MPOs are federally mandated and federally and state funded transportation policy-making organizations made up of representatives from local government and governmental transportation authorities. These organizations work to create comprehensive transportation plans needed for future growth in the areas they serve. Every urban area with a population of more than 50,000 is required to have an MPO, however funding increases for MPOs serving populations of 1 million or more.

This year, the Texas Department of Transportation dedicated $70 billion, over 10 years, in funding available to MPOs. About $12.8 billion was distributed to Texas MPOs this year; of those funds, about 80 percent was divided among the state’s largest four MPOs: Dallas-Fort Worth, comprised of 12 counties; Houston-Galveston, with eight counties; Austin-area, comprised of six counties; and the San Antonio-area, with four counties. The Brownsville, Harlingen-San Benito, and Hidalgo County MPOs were among the other 21 MPOs that split the remaining 20 percent of the pot.

Merging the three Rio Grande Valley MPOs would place us over the 1 million population threshold, thereby entitling our new, regional MPO access to 80 percent of the funding, which would then be divided among the five, rather than four, largest MPOs in the state.

Let me put it another way; our region stands to lose out on an estimated $11 million each year if we stand alone as opposed to standing together.

We cannot afford to continue to lose out on those millions of dollars and expect to be able to keep up with our growing region’s transportation needs.

To date, both the Harlingen-San Benito and Hidalgo County MPOs are ready to merge. The only hold-out is the Brownsville MPO. I sincerely hope that Brownsville will join with us for the betterment of the entire region and to gain additional funding, which is pro-rated by a mandated formula. If large, metropolitan areas can merge together for transportation, then we can do it too.
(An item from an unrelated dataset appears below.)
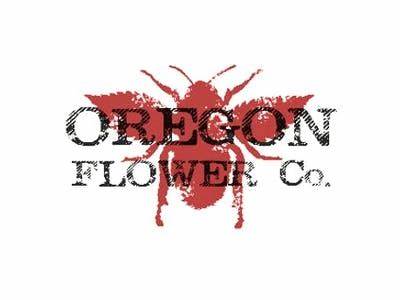 Photograph of product: OREGON FLOWER CO. - PREROLL - 0.5G - 10 PACK - Oui'd - BUTTERMILK BISCUITS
However, with or without Brownsville, Hidalgo County and Harlingen-San Benito are ready to merge as one united MPO. Once we do that, the new MPO will work to add South Padre Island, Laguna Vista and Laguna Heights and, if that doesn’t bring our MPOs urban population up to the 1 million threshold next year, it should by the next Census in 2020.

Within Hidalgo and Cameron counties, we have water and land ports, rail, major highways and soon a commercial space launch site. While our local economies and population continue to thrive, our transportation infrastructure grows increasingly problematic. I intend to meet with Texas Transportation Commission Chairman J. Bruce Bugg Jr., in the near future and one of the items we’ll discuss is regionalization and plans to merge our MPOs.

The Rio Grande Valley has experienced tremendous growth. We must remain forward thinking and seize untapped opportunities to bring our fair share of state and federal dollars to the area.

More than ever, we share a common destiny that we can master only if we face it together. The RGV finds itself on the cusp of major change for the better and it is our responsibility as leaders to do what is right and move forward with a regional solution that will benefit all of our communities. When it comes to our transportation needs, that solution is a single, unified MPO.